Born about 1705, he was educated in London, and stayed for a time in Rome studying art, in company with the sculptor Roubiliac. He became a successful portrait-painter.
From 1727 to about 1734 Pond lived at No. 16-17 Great Piazza, Covent Garden.[1] He was elected a Fellow of the Royal Society in 1752, and died in Great Queen Street, Lincoln's Inn Fields, 9 September 1758. His collection of old master drawings was sold the following year, and realised over £1400.

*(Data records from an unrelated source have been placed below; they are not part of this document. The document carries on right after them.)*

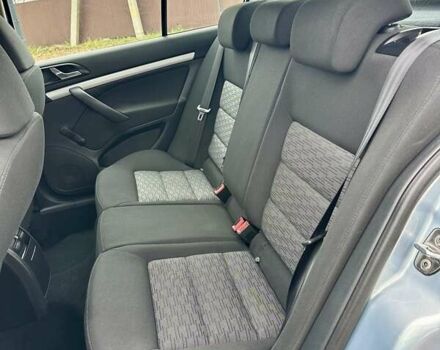 Сірий Шкода Октавія, об'ємом двигуна 0 л та пробігом 151 тис. км за 9450 $, фото 36 на Automoto.ua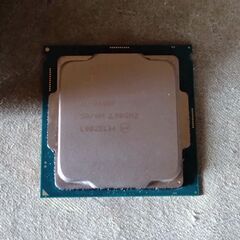 Intel Core i5-9400F BOX 第9世代CPU ...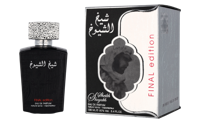 Lattafa Sheikh Al Shuyukh Eau de Parfum Spray 100 ml Heren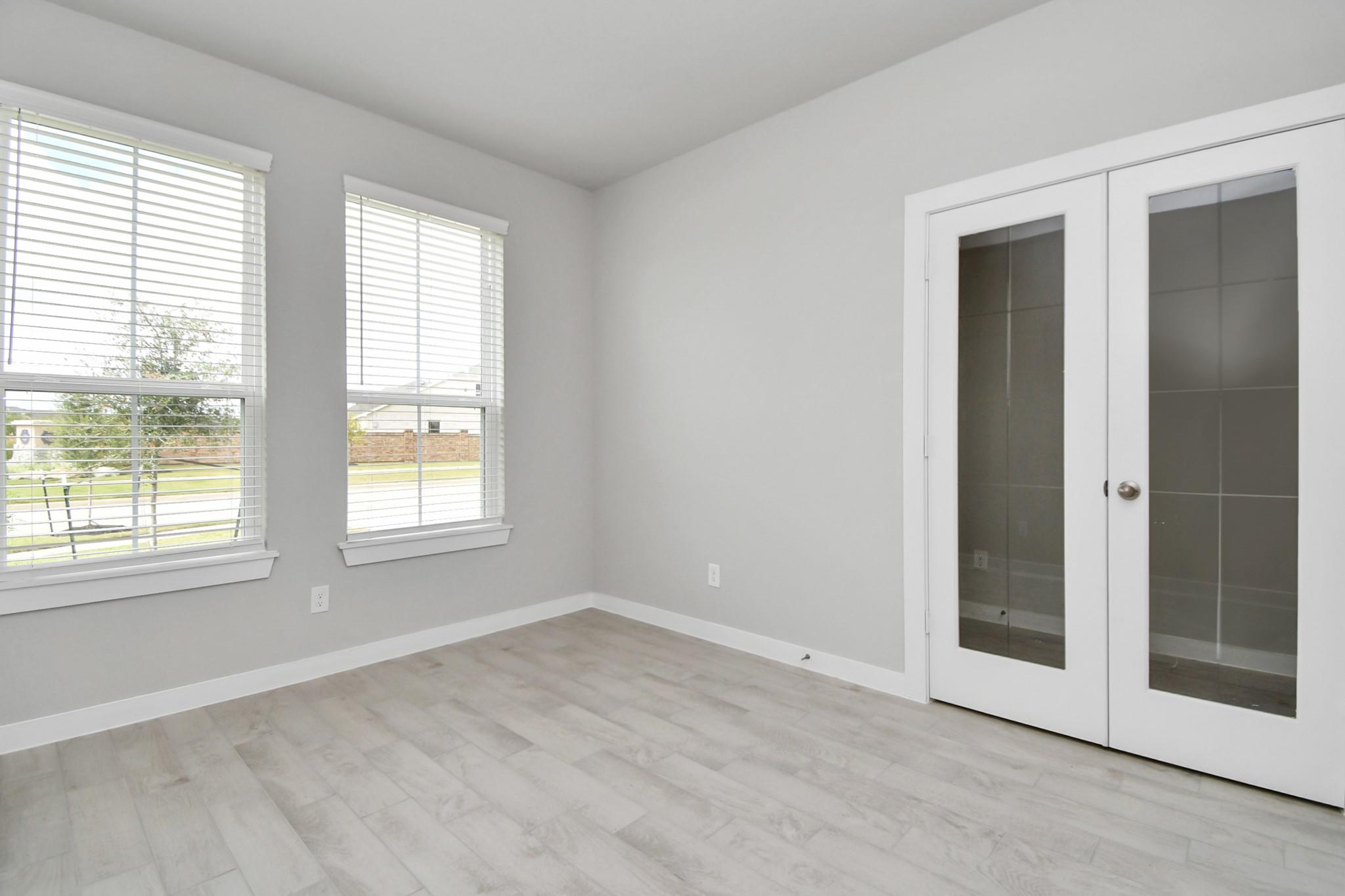 23 Knight Bayou Drive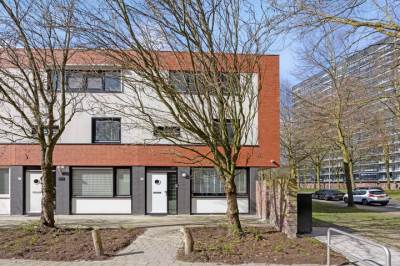 Woning Von Flotowstraat 15 Tilburg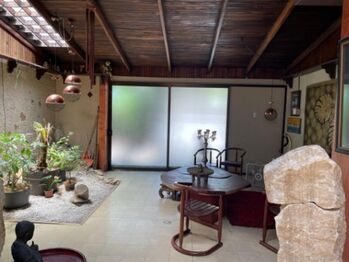 Se vende espaciosa casa con patio y terraza en San Rafael Escazú 25-41 in San Rafael, Escazú, San José — $280,000 - Photo 4 of 22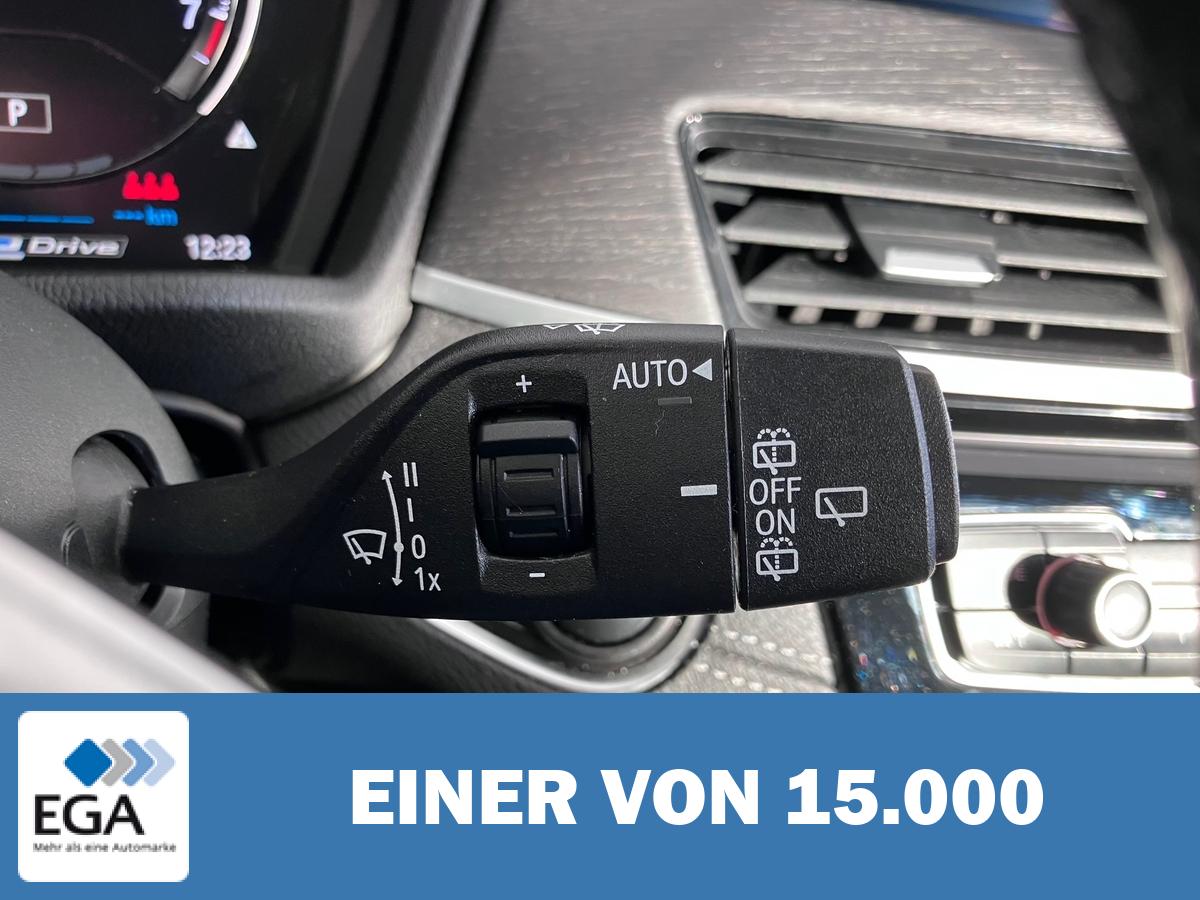 BMW X1 xDrive25e xLine Automatik - Leder/ Navi/ Sitzh.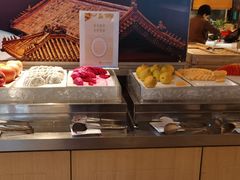 -北京王府井希尔顿酒店·万斯阁西餐厅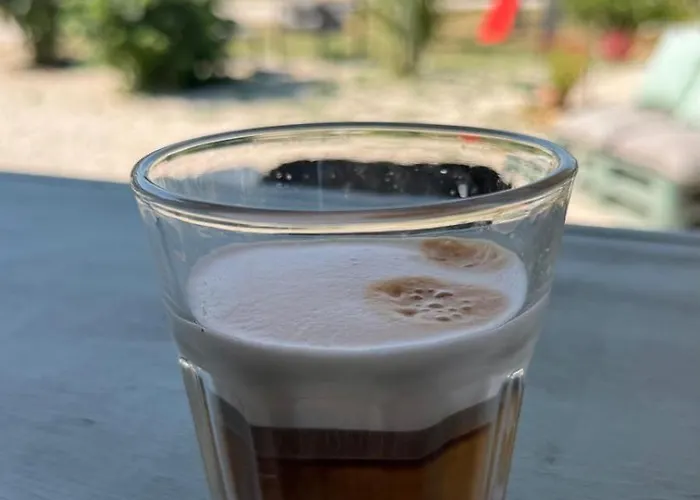 Glamping La Yurta Nel Luxe Ingerichte 4persoons Belltent * Torino di Sangro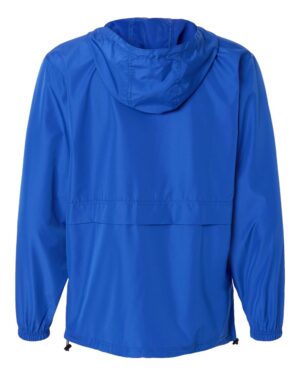 Champion Unisex Full-Zip Anorak Jacket - Image 20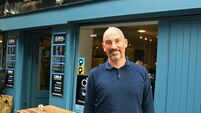 Budget 2023 'will decide' if Cork businesses keep doors open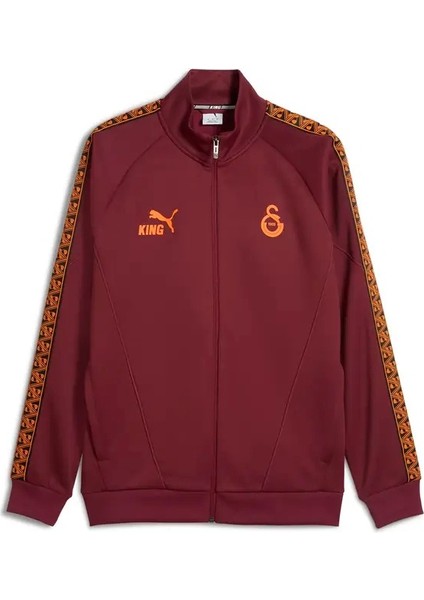 Galatasaray King Anthem Erkek Ceket fırsatları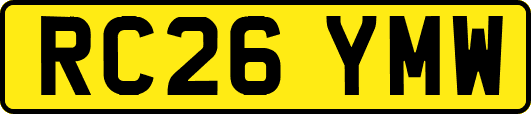 RC26YMW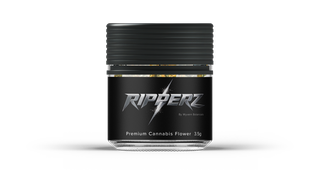 Velvet Pie Ripperz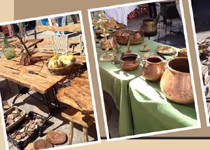 Mercado de segunda mano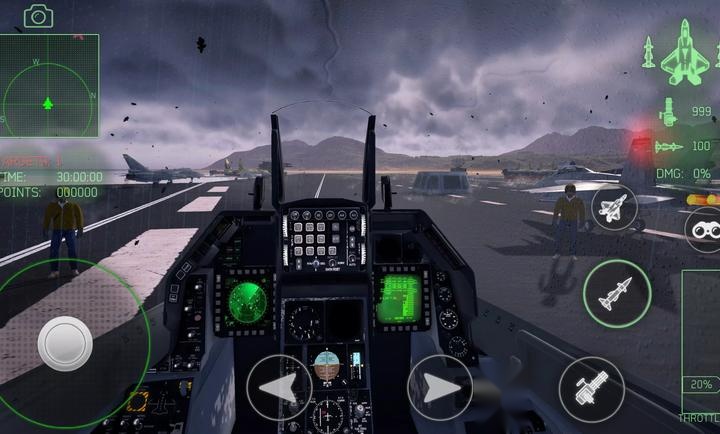 长空战域2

His numerous original portraits include Alexander Pope, William, Duke of Cumberland, and Peg Woffington. Pond was also a prolific etcher, and used various mixed processes of engraving by means of which he imitated or reproduced the works of masters such as Rembrandt, Raphael, Salvator Rosa, Parmigianino, Caravaggio, and the Poussins.
In 1734–5 he published a series of his plates under the title Imitations of the Italian Masters. He also collaborated with George Knapton in the publication of the Heads of Illustrious Persons, after Jacobus Houbraken and George Vertue, with their lives by Thomas Birch (London, 1743–52); and engraved sixty-eight plates for a collection of ninety-five reproductions from drawings by famous masters, in which Knapton was again his colleague. Another of his productions was a series of twenty-five caricatures after Pier Leone Ghezzi, republished in 1823 and 1832 as Eccentric Characters.
In 1756 he was commissioned by Bishop of Durham Richard Trevor to paint the portrait of Benjamin missing from the set Jacob and his twelve sons painted by Francisco de Zurbarán. This hangs in the Long Dining Room at Auckland Castle.[2][3][4][5][6]